To visualize this, consider two children on a seesaw who have found a balance. Neither side of the seesaw moves up or down, similar to how the concentrations of reactants and products in a chemical system at equilibrium don't change. The key to understanding equilibrium lies in knowing that it is a dynamic state where reactions still occur, but no net change in concentration can be observed.

Reaction Quotient

The reaction quotient, denoted as Q, is a measure identical in form to the equilibrium constant but for any set of conditions, not just at equilibrium. It is used to predict the direction of the chemical reaction. To calculate Q, you use the same expression as the equilibrium constant (Kc), except the concentrations used are those at a moment in time, not necessarily at equilibrium.

For example, if you start with certain concentrations of reactants and products and Q is less than Kc, the reaction will proceed forwards (towards products) to reach equilibrium. Conversely, if Q is greater than Kc, the reaction will proceed in the reverse direction (towards reactants) to reach equilibrium. When Q equals Kc, the system is already at equilibrium, signifying no net change in the concentrations of reactants and products.

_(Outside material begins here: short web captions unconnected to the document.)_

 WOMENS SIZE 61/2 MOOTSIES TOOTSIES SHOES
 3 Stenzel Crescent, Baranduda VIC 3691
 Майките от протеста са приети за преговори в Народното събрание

Equilibrium Concentrations

Equilibrium concentrations are the amounts of reactants and products in a chemical reaction that are present when the reaction has reached equilibrium. These concentrations can be plugged into the equilibrium expression to calculate the equilibrium constant, Kc, which is a unique value for each reaction at a given temperature.

The calculations, as shown in the exercise solution, involve substituting these concentrations into the equilibrium expression correctly following stoichiometry. A crucial point to remember is that the concentrations used are those at equilibrium where no further change is detected, providing a snapshot of the system's balanced state.

Le Chatelier's Principle

Le Chatelier's principle provides insight into how a system at equilibrium responds to changes in concentration, temperature, or pressure. According to this principle, if an external stress is applied to a system at equilibrium, the system adjusts to minimize the stress and restore a new equilibrium state.

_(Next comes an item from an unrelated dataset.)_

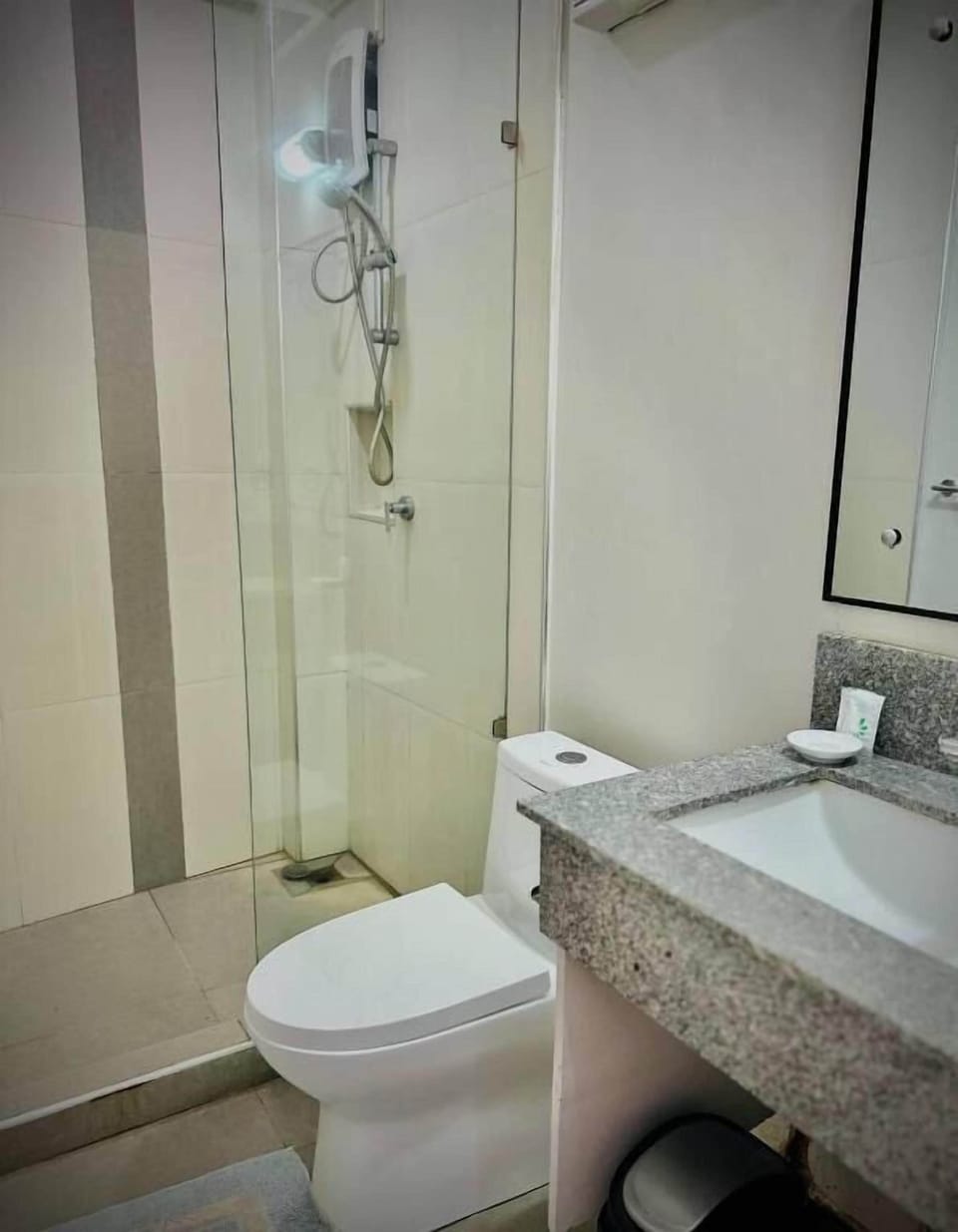 Deluxe Quadruple Room, Balcony | Bathroom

For instance, if more reactant is added to the system, Le Chatelier's principle predicts that the equilibrium will shift towards forming more product to relieve this stress. Conversely, if the temperature is increased for an exothermic reaction, the system will shift towards the reactants to absorb the excess heat. Understanding this principle is essential for manipulating and controlling chemical reactions, especially in industrial chemical processes.